§ **Instructions to follow**
Transcribe the listing that follows in full, omitting pictures.
___ Recorded data
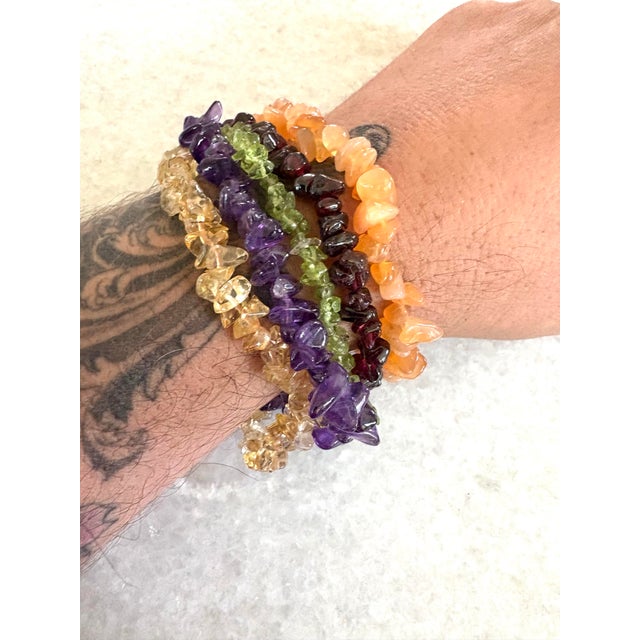 Contemporary Vintage Multi Strand Beaded Bracelet With Amethyst, Carnelian Citrine Peridot, and Garnet - Sterling Silver Clasp For Sale - Image 3 of 7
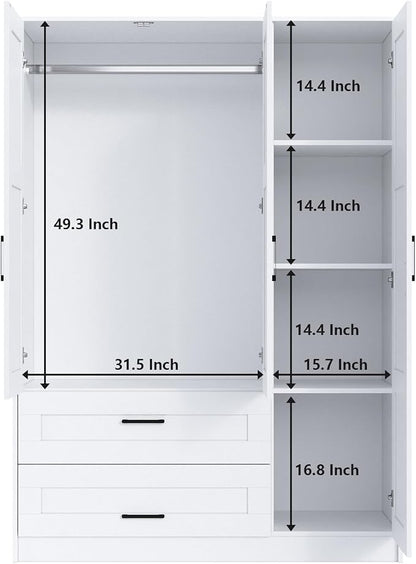 Fenghua Lizhi 3 Doors Wooden Wardrobe Closet Armoire, White Storage Cabinet for Hanging Clothes, Bedroom Large Capacity Freestanding Armoire,Wood Wardrobe Combination with Shelves (2drawer, White)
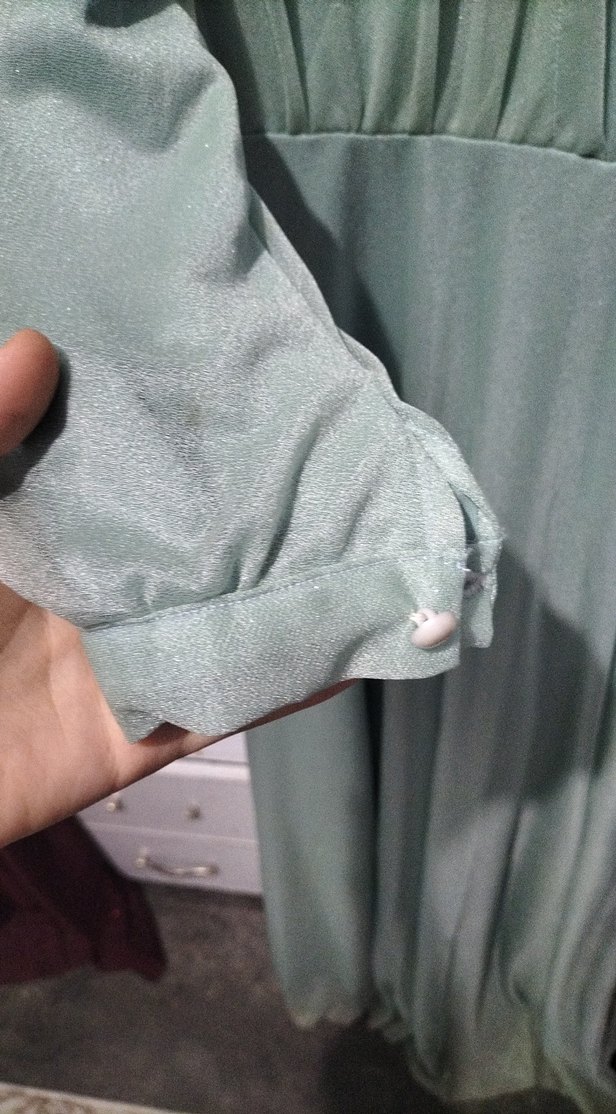 Kadın V Yaka Pileli Uzun Elbise - Görsel 3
______
§ **Response area**
 Contemporary Vintage Multi Strand Beaded Bracelet With Amethyst, Carnelian Citrine Peridot, and Garnet - Sterling Silver Clasp For Sale - Image 3 of 7
 Fenghua Lizhi 3 Doors Wooden Wardrobe Closet Armoire, White Storage Cabinet for Hanging Clothes, Bedroom Large Capacity Freestanding Armoire,Wood Wardrobe Combination with Shelves (2drawer, White)
 Kadın V Yaka Pileli Uzun Elbise - Görsel 3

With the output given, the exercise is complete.